Apart from using microbubbles to deliver drugs, another therapy using sonoporation by microbubbles to deliver gene also showed promising results and is seen as a treatment option for patients with advanced HCC [10].In this study, researchers used microbubbles to deliver gene plasmids, activating the apoptosis pathway that was silenced in liver cancer. The team recorded an enhanced effect of pro-apoptotic events when gene sonoporation and epigenetic treatment were combined. Results showed that among several condition tested, 3 MHz, 51% Duty Cycle, and 5W/cm², 60s were the best parameter to achieve a good gene transfection efficacy and lesser toxicity to body. Under these parameters, a transfection efficacy of 30%-50% was achieved and the expression of recombinant gene induced apoptotic effects. This study showed that it is possible to induce the expression of the pro-apoptotic gene in liver cancer cells through sonoporation.

2.1.2. Nanobubbles

With the advancement of technology, nanobubbles, which is smaller in size have also been used as one of the carriers for ultrasound-targeted delivery. Due to their smaller size, nanobubbles can directly penetrate tumors, enabling more efficient drug delivery. Currently, they are still in the stage of laboratory research. Both in vitro and in vivo experiments demonstrated outstanding performance respectively in early- and late-stage. Besides ultrasound targeting, different studies have explored additional alternative approaches.
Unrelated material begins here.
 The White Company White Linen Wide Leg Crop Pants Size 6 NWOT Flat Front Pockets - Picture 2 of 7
Mingming Meng, et al took advantage of the EPR effect existing in blood vessels for passive tumor targeting in addition to ultrasound targeting [11]. This strategy is especially used for the early stage of cancer as the tumor structure is still loose. In this study, a doxorubicin nanobubble (DOX-NB) wrapping carbon tetrafluoride gas was prepared in double emulsion method. The team observed the ability to target drug delivery to tumors of loading DOX-NB in VX2 tumor model. It can be seen from the result that the total drug release rate of doxorubicin under ultrasound vibration was more rapid than nanobubbles alone. It can be confirmed that ultrasound has controlled the effect of drug release for DOX-NB and it can deliver drug targeting at tumor under ultrasound. Meanwhile, DOX-NB could enhance the ultrasonic imaging significantly when applied to tumor area. Therefore, this strategy using nanobubbles has great potential in tumor therapy combined with ultrasound and offers a fire-new method for cancer treating and imaging.
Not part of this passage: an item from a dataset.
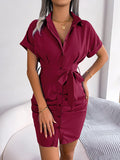 Momentlover Solid Color Pleated Bandage Short Sleeves Lapel Mini Dresses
Another research team employed the anti-GPC3 antibody as a method for tumor targeting. GPC3 is specifically expressed in most HCC cases, so it is seen as an important marker of liver cancer [12].In this study, Apatinib-loaded nanobubbles were prepared by a mechanical vibration method and anti-GPC3 antibody was coated onto the nanobubbles to target HepG2 cells (Figure 4) . Then the team evaluated the cells’ proliferation with different treatment. In contrast to non-treatment groups, group with GPC3-targeted and Apatinib-loaded nanobubbles (TALNBs) showed significantly higher rate, suggesting that under ultrasound this treatment effectively inhibited cell proliferation. Additionally, anti-GPC3 antibody conjugated with drug-loaded nanobubbles improved the attachment on HepG2 cells. Although this binding method performed well in in vitro tests, it may encounter some problems when applied in clinic. TALNBs might release GPC3 in the blood, resulting in an increase in the drug concentration in regions besides the tumor.
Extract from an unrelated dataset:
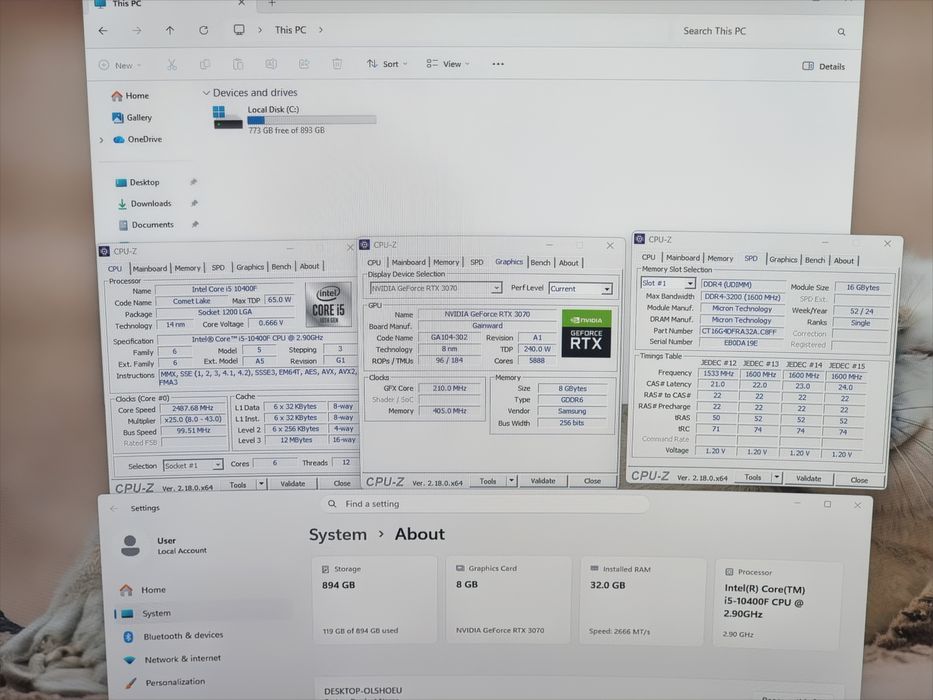 PC Gaming i5, RTX, 32gb ram, 1TB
Figure 4. Schematic diagram of fabrication of TALNBs [12]

2.2. Liposomes

Liposomes are phospholipids that can either be a monolayer bubble containing inert gas inside, or a bilayer bubble containing liquid.

There are several reasons why liposomes could be taken into consideration as the material of the bubbles used in ultrasound drug delivery.

Firstly, liposomes exist in our body as cell surface membranes or membranes of cell organelles. If the liposomes do not contain sugar chains on the surface of the cell that may be recognized as non-self-antigens, the chance of triggering an immune response will be much smaller than with materials like metals or ceramics [13].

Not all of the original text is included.